PlugThis has a version diff view built in: pick any earlier version and it opens a real side-by-side compare (old on the left, new on the right, line by line) powered by the same diff engine as a proper code editor. There's a file list next to it showing what was added, modified, or removed, so you can jump straight to the files that changed instead of hunting.
So it's not just snapshots you eyeball, it's a genuine visual diff. Curious what you'd want on top of it. Inline comments on a diff? Diffing two arbitrary versions against each other rather than against current? Would love to hear how you'd push it further.
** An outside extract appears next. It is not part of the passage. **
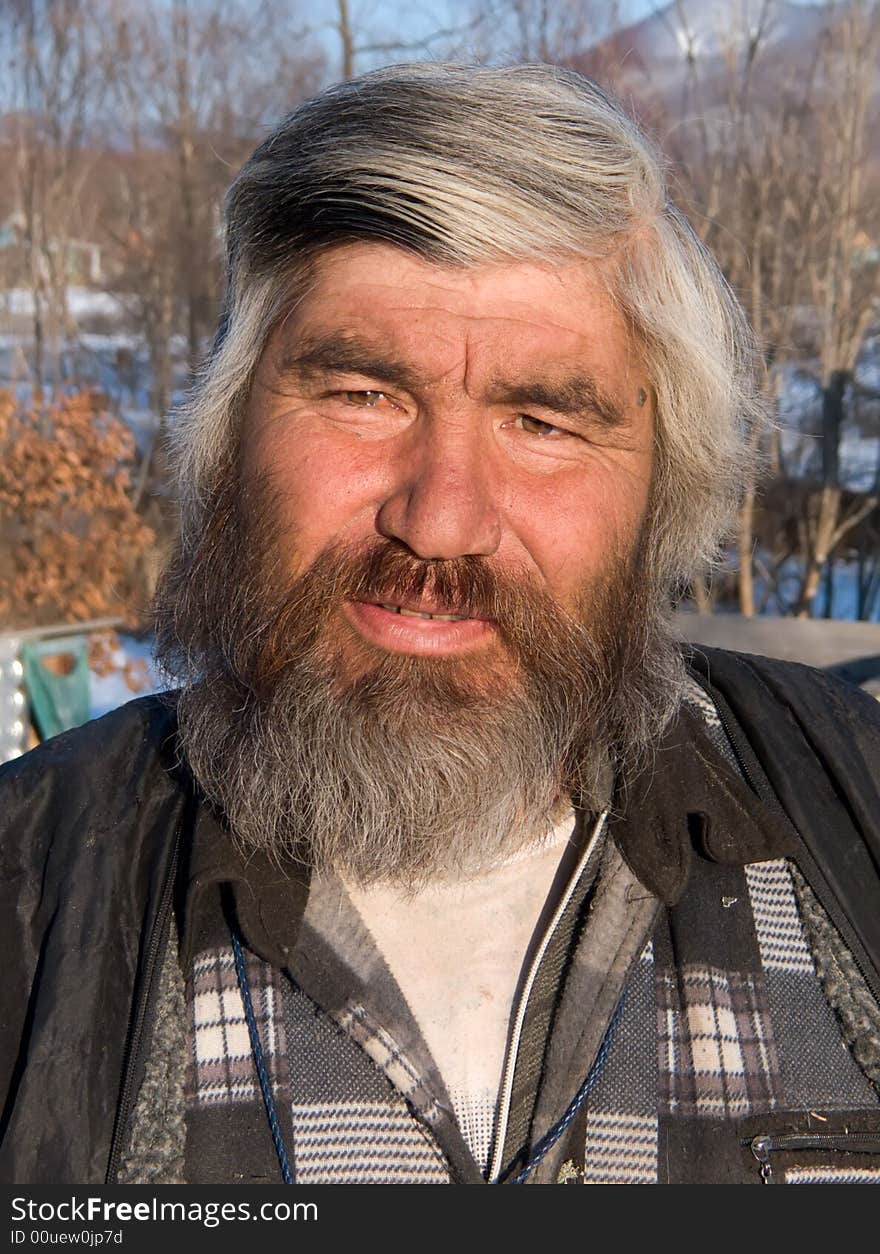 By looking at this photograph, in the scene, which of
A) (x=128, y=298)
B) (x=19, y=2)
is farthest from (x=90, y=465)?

The versions history caught my attention. i've learned the hard way how valuable it is to roll back when an experiment doesn't work.
PlugThis
@elidodial67la Totally with you, Elido. That "undo the experiment that broke everything" moment is exactly why it's there.
Every time you change the extension, PlugThis snapshots the full file set before applying the new version, with a summary of what changed and a timestamp. So when something breaks, you can restore an earlier working version in one click instead of trying to reverse-engineer what you had. And restoring is safe too: it saves your current state first, so jumping back never costs you the work you're on.
Curious what you've been building where rollback saved you. Sounds like there's a war story there 😄
always wanted to experiement with Chorme extension but the setup process kept pushing me toward others projects. this makes the whole process feel much more approcahable.
PlugThis
@anthonywrinqsb That setup wall is exactly the thing that killed the idea for so many people. Manifests, service workers, build config, store rules, all before you write a single fun line of your actual idea. We wanted the barrier to be "what do you want it to do," not "spend a weekend configuring tooling first."
You should finally build that extension you kept putting off. If you do, tell me what it is, I'd genuinely love to see the first thing you ship with it.
Firefox or Edge support planned, or Chrome-only for now?
PlugThis
@zoe_sullivan Fair question, Zoe.
Right now it's Chrome-first, and the store side is built specifically around the Chrome Web Store (permission justifications, listing assets, review prep all target Google's flow).
That said, everything it generates is standard Manifest V3, so the output already runs on Edge with little to no change since Edge is Chromium under the hood. Firefox is the bigger lift because its manifest quirks, APIs, and signing differ enough that "mostly works" isn't good enough, and I would rather do it properly than half-ship it.
So: Chrome and Edge realistically today, Firefox as a deliberate next step rather than a checkbox. Out of curiosity, is Firefox the one you actually need, or was Edge enough for your case? That genuinely helps me prioritize.